Straight-line winds and microbursts are two of the more common types of severe weather in South Carolina. They can happen any time of the year and can cause damage that may look like a tornado. Hail is less frequent hazard than strong winds, but it does happen, particularly in the spring and early summer. How do these phenomenon develop and how can you protect yourself when they happen?

We often hear the phrase "wind shear" when a meteorologist talks about the potential for bad weather. Wind shear is simply a change in either wind direction or speed (or both) between two levels in the atmosphere. Oftentimes, it is the difference between the wind near the ground and at some level in the lower or middle atmosphere, say, 5,000 to 10,000 feet above us. Wind shear causes thunderheads (cumulonimbus clouds) to become tilted, where the top of the thunderstorm is in a different location than the base of it. This causes the thunderstorm to have greater access to warm, moist, unstable air that it needs to survive. If there is little or no wind shear, the top of the thunderhead is in about the same location as the base of it, so the cool downdraft from the rain causes the thunderstorm to die -- typically in about a half hour.

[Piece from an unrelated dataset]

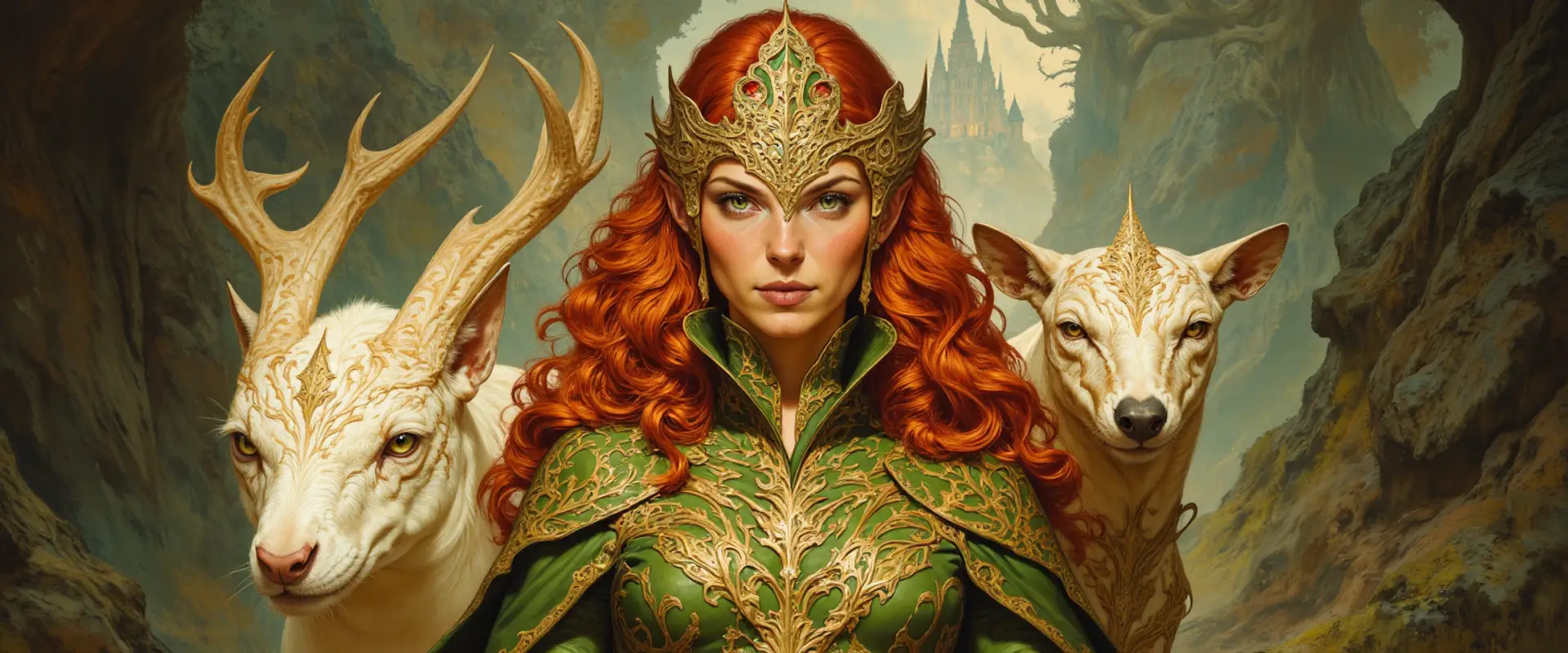 Why Gamers Are Raving About This AI Character Generator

Stronger environmental shear makes it more likely for thunderstorms to produce damaging winds over long distances. If the winds in the atmosphere are strong enough and the air is unstable enough, strong winds above the ground can be transferred to the ground in a line. Meteorologists often refer to this phenomenon as a squall line and it looks exactly that way on a conventional radar image that you may pull up on your phone, computer, or see on television. If the squall line is well-developed, it is possible to receive Severe Thunderstorm Warnings 30 to 45 minutes before the storm hits a particular neighborhood.

 

Downburst
Credit Megan Borowski / SCEIN

Microbursts, which are pockets of intense winds that can exceed 100 mph, form differently. Oftentimes, they occur in the summertime when upper-level winds and wind shear are much weaker. Instead, very high humidity and moisture load the thunderstorm up with heavy rain. The heavy rain is simply too much for a thunderstorm's updraft to support, causing the air to rapidly descend to the ground with major, localized destructive winds. Meteorologists often receive signals from radar of a developing microburst, but may have a few seconds to a few minutes to get a Severe Thunderstorm Warning to the public. Anyone who has outdoor plans in the summer should monitor weather conditions and be able to reach sturdy shelter in an orderly way since microbursts can occur on many days.

Hail is less frequent in South Carolina than in the midwest, but it occurs every year. The combination of wind shear and unstable air keep moisture droplets (we'll refer to them as embryos) in a part of a thunderstorm where the air is cold enough to cause ice formation. As long as these embryos can stay high enough up in thunderstorm that has temperatures that support hail formation, the embryo will continue to grow. Eventually, the hail stone will tumble to the ground when a storm's updraft can no longer support its weight. The air mass in Texas, Oklahoma, Kansas, and Colorado is colder and drier at altitude than it is in South Carolina, so hail stones are frequently larger in that part of the country. As is often the case, there are always exceptions: a rare 4.5-inch diameter hail stone -- about the size of a softball -- fell in Florence, South Carolina last year on May 25.

 

Hail Size Chart
Credit Megan Borowski / SCEIN

Atmospheric conditions favoring large hail (the size of quarters or larger) are normally more predictable than microbursts. Recent advances in doppler radar enable meteorologists to detect whether objects, like hail, are tumbling toward the ground. Severe Thunderstorm Warnings are issued with a few minutes' notice of damaging hail, which can be enough time for someone to secure their vehicle in a garage. Smaller hail stones often do not receive warnings, but they do not cause as much damage to property.